- [Try it]
Please restate each line of the material word for word and omit any pictures.

- [Exercise data]

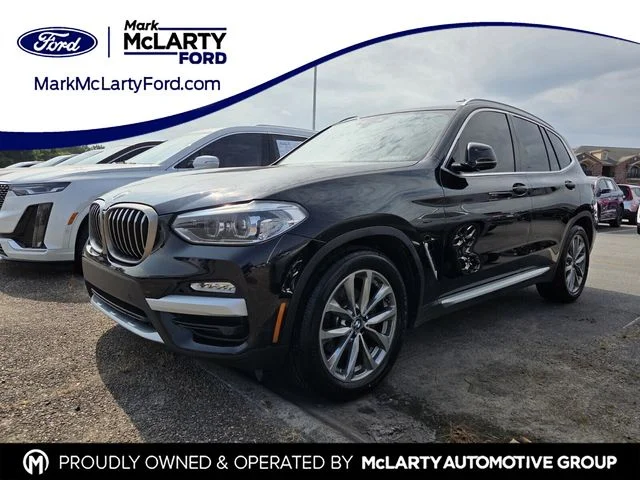 Used 2019 Black BMW sDrive30i image 1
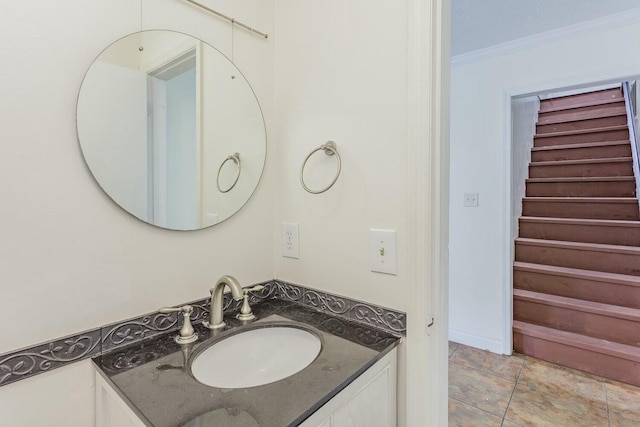 bathroom featuring ornamental molding and vanity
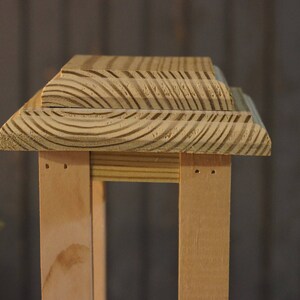 May include: A wooden lantern with a natural wood finish. The lantern has a square base and a rectangular top with a decorative, layered design.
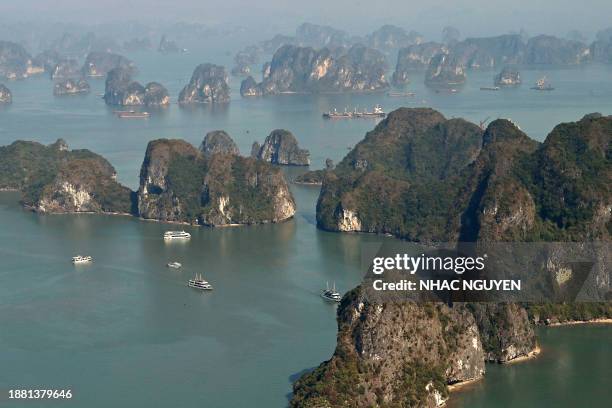 This aerial photo taken from a seaplane shows Ha Long Bay in Vietnam's northeastern province of Quang Ninh on December 28, 2023. Vietnam's Ha Long...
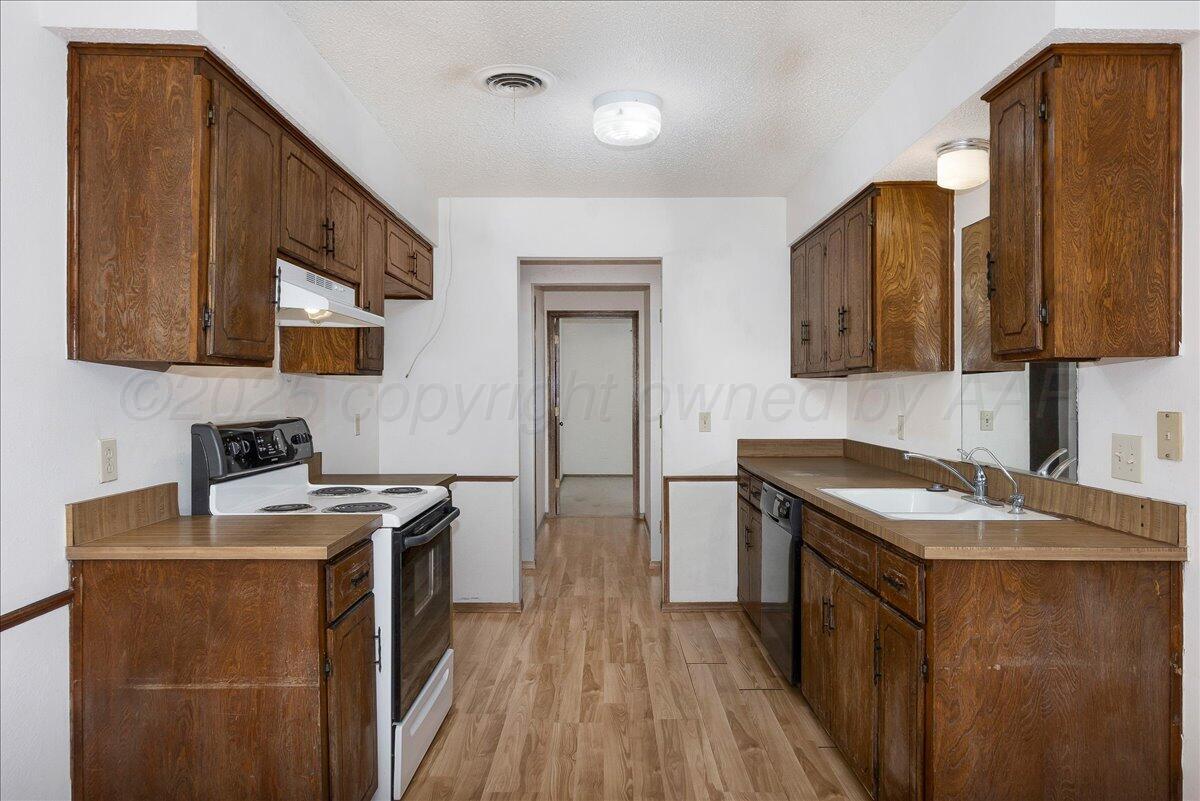 7210 Hatton Road Amarillo, TX 79110 - Photo 9 of 23 a kitchen that has a sink a stove and a wooden floor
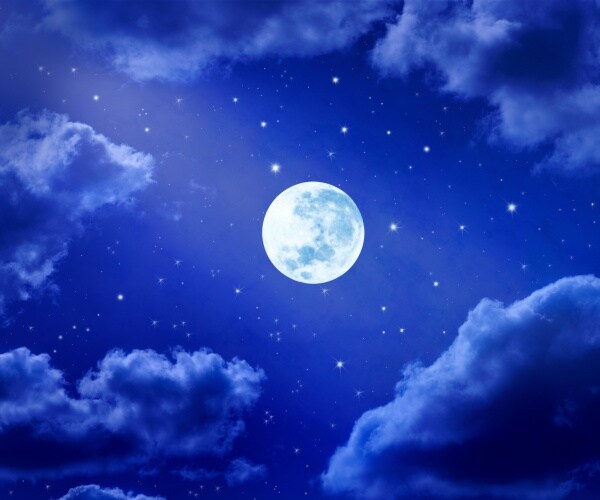 night sky with stars clouds and the full moon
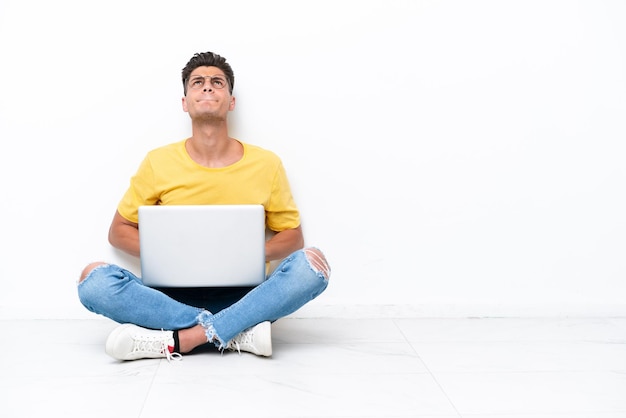 Young man sitting on the floor isolated on white background and looking up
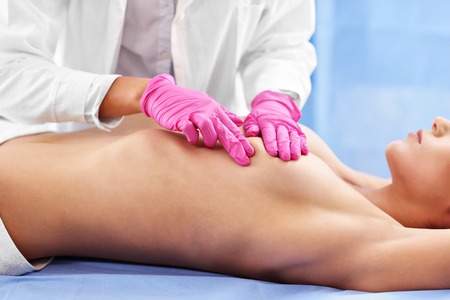 Doctor examining breastの写真素材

- [Solved problem]
 Used 2019 Black BMW sDrive30i image 1
 bathroom featuring ornamental molding and vanity
 May include: A wooden lantern with a natural wood finish. The lantern has a square base and a rectangular top with a decorative, layered design.
 This aerial photo taken from a seaplane shows Ha Long Bay in Vietnam's northeastern province of Quang Ninh on December 28, 2023. Vietnam's Ha Long...
 7210 Hatton Road Amarillo, TX 79110 - Photo 9 of 23 a kitchen that has a sink a stove and a wooden floor
 night sky with stars clouds and the full moon
 Young man sitting on the floor isolated on white background and looking up
 Doctor examining breastの写真素材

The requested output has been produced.